Vector Stores: Selection, Hybrid Retrieval, and Reranking

FlowRidge

Vector Store Selection — Dedicated vs Hybrid Search

Dedicated vector DB

ANN at scale

HNSW, IVF optimised

Low-latency retrieval

Millisecond p50

Simpler operational model

Single engine

Weak lexical fallback

Struggles with IDs/exact

vs

Hybrid search (BM25 + vector)

Lexical + semantic

Reciprocal rank fusion

Exact match preserved

IDs, names, codes

Reranker layer

Cross-encoder second pass

More moving parts

Two indexes to operate

Figure 342. Dedicated vector stores optimise for ANN performance; hybrid search engines combine lexical and semantic matching. The right choice is workload-dependent.

AITE-SAT: AI Solutions Architect Expert — Body of Knowledge Article 6 of 35

The vector store is the piece of the RAG architecture that the organization will live with longest. Models are swapped every twelve months as new frontier releases land. Prompts are rewritten every sprint. Retrieval corpora grow month by month, but the index that holds their embeddings is rebuilt only under duress because reindexing billions of chunks across an embedding-model migration is a week-long incident even with parallel compute. An architect who chooses a vector store well inherits a component that quietly compounds in value. An architect who chooses poorly inherits a system that gets harder to change every quarter. Article 5 settled chunking and embedding; this article settles the component that catches those chunks and returns them under query load.

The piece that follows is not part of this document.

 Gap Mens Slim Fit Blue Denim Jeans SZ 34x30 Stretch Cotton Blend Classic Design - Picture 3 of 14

What a vector store actually does

A vector store is a database specialized for similarity search on high-dimensional vectors. Each record contains an embedding (typically 768 to 3,072 dimensions), a primary identifier, an opaque payload (the original chunk text), and a set of structured metadata fields. At query time, the store accepts a query vector plus optional metadata filters and returns the top-k records whose embeddings are most similar under a configured distance metric, usually cosine similarity, sometimes dot product, rarely Euclidean. Similarity is computed approximately using an index structure — HNSW, IVF, ScaNN, DiskANN — because exact search across hundreds of millions of vectors is computationally infeasible under interactive latency budgets.

The architect who treats the vector store as a commodity misses the point. Three vectors of identical content, embedded by identical models, indexed in three different stores, return meaningfully different results at the top of the ranked list because each store’s index parameters, distance computation, and filter implementation differ. The store is a component with personality. The architect evaluates that personality against the workload rather than assuming fungibility.

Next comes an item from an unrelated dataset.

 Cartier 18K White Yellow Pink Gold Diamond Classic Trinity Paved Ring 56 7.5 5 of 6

The four architectural dimensions

Every vector store presents four architectural dimensions on which the decision turns.

Managed versus self-hosted. Managed stores (Pinecone, Weaviate Cloud, Qdrant Cloud, Zilliz Cloud for Milvus, MongoDB Atlas Vector Search, Elastic Cloud, Azure AI Search, Amazon OpenSearch Serverless, Google Vertex AI Vector Search) trade control for operational simplicity. The architect pays per-hour or per-vector pricing and gets autoscaling, backups, and SLAs. Self-hosted stores (pgvector on PostgreSQL, self-hosted Milvus, self-hosted Qdrant, self-hosted Weaviate, FAISS, Chroma) trade operational simplicity for control and cost predictability. The architect runs the cluster, handles failover, and pays for the underlying compute and storage without per-vector markups.

Index algorithm. HNSW is the dominant graph-based index and is the default in Qdrant, Weaviate, Milvus, pgvector (via pgvectorscale or the HNSW index type), and most others. IVF (inverted file) suits high-recall workloads when memory is a constraint and is available in Milvus and Elasticsearch. DiskANN lets the index spill to SSD for extreme scale and is the basis of Microsoft’s Azure offering and pgvectorscale. The architect who does not understand which algorithm their store uses cannot reason about why latency spikes when the corpus doubles or why recall degrades when the filter cardinality is high.

Filter capability. Pre-filter versus post-filter is the most commonly overlooked architectural question. In post-filter designs, the store retrieves the top-k by similarity then filters by metadata; if the filter is selective, the result set shrinks below k and quality degrades. In pre-filter designs, the filter narrows the candidate set before similarity search; this preserves k but is slower at high cardinality. Qdrant, Weaviate, and Milvus support sophisticated pre-filtering. Pinecone supports metadata filtering natively with tenant-namespace isolation. Some stores force the architect into one mode.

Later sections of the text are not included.